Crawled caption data
......

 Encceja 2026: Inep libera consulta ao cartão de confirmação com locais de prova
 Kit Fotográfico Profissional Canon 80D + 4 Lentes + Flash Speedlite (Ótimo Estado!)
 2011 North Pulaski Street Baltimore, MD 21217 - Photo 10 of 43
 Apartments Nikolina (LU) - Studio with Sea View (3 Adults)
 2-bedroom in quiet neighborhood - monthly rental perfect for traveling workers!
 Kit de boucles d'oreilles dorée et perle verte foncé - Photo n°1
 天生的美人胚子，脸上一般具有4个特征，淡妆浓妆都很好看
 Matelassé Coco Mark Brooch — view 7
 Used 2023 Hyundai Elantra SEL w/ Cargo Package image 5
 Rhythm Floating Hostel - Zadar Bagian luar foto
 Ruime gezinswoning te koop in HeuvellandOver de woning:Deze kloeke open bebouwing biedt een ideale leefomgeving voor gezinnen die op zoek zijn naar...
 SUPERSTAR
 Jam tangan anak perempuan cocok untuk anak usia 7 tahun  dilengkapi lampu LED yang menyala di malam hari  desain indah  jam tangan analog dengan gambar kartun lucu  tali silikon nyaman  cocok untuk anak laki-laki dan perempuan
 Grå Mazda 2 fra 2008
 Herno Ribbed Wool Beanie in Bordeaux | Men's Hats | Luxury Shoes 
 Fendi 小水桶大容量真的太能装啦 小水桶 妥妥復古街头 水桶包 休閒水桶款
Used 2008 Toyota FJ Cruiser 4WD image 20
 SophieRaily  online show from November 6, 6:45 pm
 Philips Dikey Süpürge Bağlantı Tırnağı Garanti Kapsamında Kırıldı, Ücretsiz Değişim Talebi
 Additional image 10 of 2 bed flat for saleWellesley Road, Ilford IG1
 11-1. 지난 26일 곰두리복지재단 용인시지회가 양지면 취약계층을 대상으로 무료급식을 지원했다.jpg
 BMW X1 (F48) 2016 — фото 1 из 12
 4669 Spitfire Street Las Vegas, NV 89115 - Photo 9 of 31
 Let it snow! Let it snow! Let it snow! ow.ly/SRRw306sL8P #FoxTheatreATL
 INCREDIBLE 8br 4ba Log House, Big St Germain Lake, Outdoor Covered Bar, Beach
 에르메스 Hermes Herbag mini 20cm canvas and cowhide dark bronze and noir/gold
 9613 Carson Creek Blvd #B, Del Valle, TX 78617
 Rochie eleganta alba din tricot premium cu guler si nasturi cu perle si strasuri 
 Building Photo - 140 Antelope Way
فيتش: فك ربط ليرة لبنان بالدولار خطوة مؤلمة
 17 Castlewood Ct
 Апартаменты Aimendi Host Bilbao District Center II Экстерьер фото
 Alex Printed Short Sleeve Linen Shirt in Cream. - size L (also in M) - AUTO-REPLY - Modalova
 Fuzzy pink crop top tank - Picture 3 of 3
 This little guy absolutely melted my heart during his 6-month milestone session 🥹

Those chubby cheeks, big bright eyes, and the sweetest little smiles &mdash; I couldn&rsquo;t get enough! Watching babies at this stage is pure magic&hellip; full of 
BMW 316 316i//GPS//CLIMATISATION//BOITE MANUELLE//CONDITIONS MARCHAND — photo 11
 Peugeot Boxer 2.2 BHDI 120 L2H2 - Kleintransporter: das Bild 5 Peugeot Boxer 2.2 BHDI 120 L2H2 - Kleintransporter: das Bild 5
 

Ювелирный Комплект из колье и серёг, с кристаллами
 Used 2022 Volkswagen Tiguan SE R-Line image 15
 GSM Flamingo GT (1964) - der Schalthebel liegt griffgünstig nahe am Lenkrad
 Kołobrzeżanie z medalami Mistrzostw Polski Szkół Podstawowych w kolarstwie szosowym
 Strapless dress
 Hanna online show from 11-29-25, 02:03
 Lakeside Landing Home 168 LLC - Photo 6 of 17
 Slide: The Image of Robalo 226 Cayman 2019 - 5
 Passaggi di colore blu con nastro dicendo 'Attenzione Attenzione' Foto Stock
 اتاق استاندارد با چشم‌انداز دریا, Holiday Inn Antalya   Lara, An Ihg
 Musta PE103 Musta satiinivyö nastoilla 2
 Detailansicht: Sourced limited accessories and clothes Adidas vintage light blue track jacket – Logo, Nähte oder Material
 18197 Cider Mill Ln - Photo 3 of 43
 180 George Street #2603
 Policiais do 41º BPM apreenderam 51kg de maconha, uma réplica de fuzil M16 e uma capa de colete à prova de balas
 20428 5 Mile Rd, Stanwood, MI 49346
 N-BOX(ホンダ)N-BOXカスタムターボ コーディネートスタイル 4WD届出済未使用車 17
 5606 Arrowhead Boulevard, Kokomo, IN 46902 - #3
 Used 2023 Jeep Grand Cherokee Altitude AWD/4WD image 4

......

» **Task item**
Set down each line of the data precisely as it appears above.

» **Task result**
 Encceja 2026: Inep libera consulta ao cartão de confirmação com locais de prova
 Kit Fotográfico Profissional Canon 80D + 4 Lentes + Flash Speedlite (Ótimo Estado!)
 2011 North Pulaski Street Baltimore, MD 21217 - Photo 10 of 43
 Apartments Nikolina (LU) - Studio with Sea View (3 Adults)
 2-bedroom in quiet neighborhood - monthly rental perfect for traveling workers!
 Kit de boucles d'oreilles dorée et perle verte foncé - Photo n°1
 天生的美人胚子，脸上一般具有4个特征，淡妆浓妆都很好看
 Matelassé Coco Mark Brooch — view 7
 Used 2023 Hyundai Elantra SEL w/ Cargo Package image 5
 Rhythm Floating Hostel - Zadar Bagian luar foto
 Ruime gezinswoning te koop in HeuvellandOver de woning:Deze kloeke open bebouwing biedt een ideale leefomgeving voor gezinnen die op zoek zijn naar...
 SUPERSTAR
 Jam tangan anak perempuan cocok untuk anak usia 7 tahun  dilengkapi lampu LED yang menyala di malam hari  desain indah  jam tangan analog dengan gambar kartun lucu  tali silikon nyaman  cocok untuk anak laki-laki dan perempuan
 Grå Mazda 2 fra 2008
 Herno Ribbed Wool Beanie in Bordeaux | Men's Hats | Luxury Shoes 
 Fendi 小水桶大容量真的太能装啦 小水桶 妥妥復古街头 水桶包 休閒水桶款
Used 2008 Toyota FJ Cruiser 4WD image 20
 SophieRaily  online show from November 6, 6:45 pm
 Philips Dikey Süpürge Bağlantı Tırnağı Garanti Kapsamında Kırıldı, Ücretsiz Değişim Talebi
 Additional image 10 of 2 bed flat for saleWellesley Road, Ilford IG1
 11-1. 지난 26일 곰두리복지재단 용인시지회가 양지면 취약계층을 대상으로 무료급식을 지원했다.jpg
 BMW X1 (F48) 2016 — фото 1 из 12
 4669 Spitfire Street Las Vegas, NV 89115 - Photo 9 of 31
 Let it snow! Let it snow! Let it snow! ow.ly/SRRw306sL8P #FoxTheatreATL
 INCREDIBLE 8br 4ba Log House, Big St Germain Lake, Outdoor Covered Bar, Beach
 에르메스 Hermes Herbag mini 20cm canvas and cowhide dark bronze and noir/gold
 9613 Carson Creek Blvd #B, Del Valle, TX 78617
 Rochie eleganta alba din tricot premium cu guler si nasturi cu perle si strasuri 
 Building Photo - 140 Antelope Way
فيتش: فك ربط ليرة لبنان بالدولار خطوة مؤلمة
 17 Castlewood Ct
 Апартаменты Aimendi Host Bilbao District Center II Экстерьер фото
 Alex Printed Short Sleeve Linen Shirt in Cream. - size L (also in M) - AUTO-REPLY - Modalova
 Fuzzy pink crop top tank - Picture 3 of 3
 This little guy absolutely melted my heart during his 6-month milestone session 🥹

Those chubby cheeks, big bright eyes, and the sweetest little smiles &mdash; I couldn&rsquo;t get enough! Watching babies at this stage is pure magic&hellip; full of 
BMW 316 316i//GPS//CLIMATISATION//BOITE MANUELLE//CONDITIONS MARCHAND — photo 11
 Peugeot Boxer 2.2 BHDI 120 L2H2 - Kleintransporter: das Bild 5 Peugeot Boxer 2.2 BHDI 120 L2H2 - Kleintransporter: das Bild 5
 

Ювелирный Комплект из колье и серёг, с кристаллами
 Used 2022 Volkswagen Tiguan SE R-Line image 15
 GSM Flamingo GT (1964) - der Schalthebel liegt griffgünstig nahe am Lenkrad
 Kołobrzeżanie z medalami Mistrzostw Polski Szkół Podstawowych w kolarstwie szosowym
 Strapless dress
 Hanna online show from 11-29-25, 02:03
 Lakeside Landing Home 168 LLC - Photo 6 of 17
 Slide: The Image of Robalo 226 Cayman 2019 - 5
 Passaggi di colore blu con nastro dicendo 'Attenzione Attenzione' Foto Stock
 اتاق استاندارد با چشم‌انداز دریا, Holiday Inn Antalya   Lara, An Ihg
 Musta PE103 Musta satiinivyö nastoilla 2
 Detailansicht: Sourced limited accessories and clothes Adidas vintage light blue track jacket – Logo, Nähte oder Material
 18197 Cider Mill Ln - Photo 3 of 43
 180 George Street #2603
 Policiais do 41º BPM apreenderam 51kg de maconha, uma réplica de fuzil M16 e uma capa de colete à prova de balas
 20428 5 Mile Rd, Stanwood, MI 49346
 N-BOX(ホンダ)N-BOXカスタムターボ コーディネートスタイル 4WD届出済未使用車 17
 5606 Arrowhead Boulevard, Kokomo, IN 46902 - #3
 Used 2023 Jeep Grand Cherokee Altitude AWD/4WD image 4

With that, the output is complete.